### Exercise material:
>>>
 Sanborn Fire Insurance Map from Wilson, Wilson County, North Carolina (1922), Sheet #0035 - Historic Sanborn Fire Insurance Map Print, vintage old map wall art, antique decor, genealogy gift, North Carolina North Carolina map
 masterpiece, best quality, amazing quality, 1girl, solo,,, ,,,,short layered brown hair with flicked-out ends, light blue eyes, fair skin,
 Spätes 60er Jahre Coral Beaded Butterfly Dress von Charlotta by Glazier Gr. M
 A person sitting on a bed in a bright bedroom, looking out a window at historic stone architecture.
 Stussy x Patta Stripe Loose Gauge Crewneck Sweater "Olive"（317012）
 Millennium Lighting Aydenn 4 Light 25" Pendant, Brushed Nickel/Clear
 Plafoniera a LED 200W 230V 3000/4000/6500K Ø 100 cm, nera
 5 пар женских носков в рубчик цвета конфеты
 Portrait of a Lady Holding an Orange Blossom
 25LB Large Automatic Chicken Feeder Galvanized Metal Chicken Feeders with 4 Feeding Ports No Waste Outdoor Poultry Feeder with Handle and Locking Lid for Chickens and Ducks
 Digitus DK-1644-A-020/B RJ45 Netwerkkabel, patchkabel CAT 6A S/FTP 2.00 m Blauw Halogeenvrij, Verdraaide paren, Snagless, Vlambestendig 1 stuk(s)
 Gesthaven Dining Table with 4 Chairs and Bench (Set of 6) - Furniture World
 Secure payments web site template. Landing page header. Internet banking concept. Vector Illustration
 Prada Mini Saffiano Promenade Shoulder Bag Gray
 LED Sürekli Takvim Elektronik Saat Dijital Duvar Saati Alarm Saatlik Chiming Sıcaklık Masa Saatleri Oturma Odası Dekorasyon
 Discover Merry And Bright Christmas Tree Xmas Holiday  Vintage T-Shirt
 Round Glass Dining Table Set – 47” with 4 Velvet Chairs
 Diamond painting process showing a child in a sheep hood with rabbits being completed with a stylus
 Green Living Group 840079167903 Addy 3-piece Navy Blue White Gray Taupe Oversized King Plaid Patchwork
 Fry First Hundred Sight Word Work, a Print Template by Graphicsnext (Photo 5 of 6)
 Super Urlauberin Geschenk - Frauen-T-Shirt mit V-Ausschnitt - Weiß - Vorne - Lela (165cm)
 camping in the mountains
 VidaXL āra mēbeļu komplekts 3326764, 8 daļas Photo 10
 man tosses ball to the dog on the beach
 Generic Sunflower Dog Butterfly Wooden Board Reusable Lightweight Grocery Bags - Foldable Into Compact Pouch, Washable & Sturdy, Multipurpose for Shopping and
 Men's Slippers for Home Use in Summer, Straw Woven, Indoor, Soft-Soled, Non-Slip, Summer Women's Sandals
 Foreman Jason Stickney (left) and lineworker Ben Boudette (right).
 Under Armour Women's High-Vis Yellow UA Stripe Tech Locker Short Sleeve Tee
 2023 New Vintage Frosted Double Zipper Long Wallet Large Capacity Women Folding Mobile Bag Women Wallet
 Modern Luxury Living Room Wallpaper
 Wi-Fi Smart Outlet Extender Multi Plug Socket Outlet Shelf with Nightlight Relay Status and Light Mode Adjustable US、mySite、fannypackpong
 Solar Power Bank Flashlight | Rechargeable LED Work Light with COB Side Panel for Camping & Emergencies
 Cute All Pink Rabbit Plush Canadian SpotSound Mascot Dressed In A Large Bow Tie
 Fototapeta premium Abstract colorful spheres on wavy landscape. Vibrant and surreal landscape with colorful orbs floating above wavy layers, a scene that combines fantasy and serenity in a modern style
<<<
### Try it:
Find the word "Dining" in the entries above, then copy each line that holds it.

### Result of this task:
 Gesthaven Dining Table with 4 Chairs and Bench (Set of 6) - Furniture World
 Round Glass Dining Table Set – 47” with 4 Velvet Chairs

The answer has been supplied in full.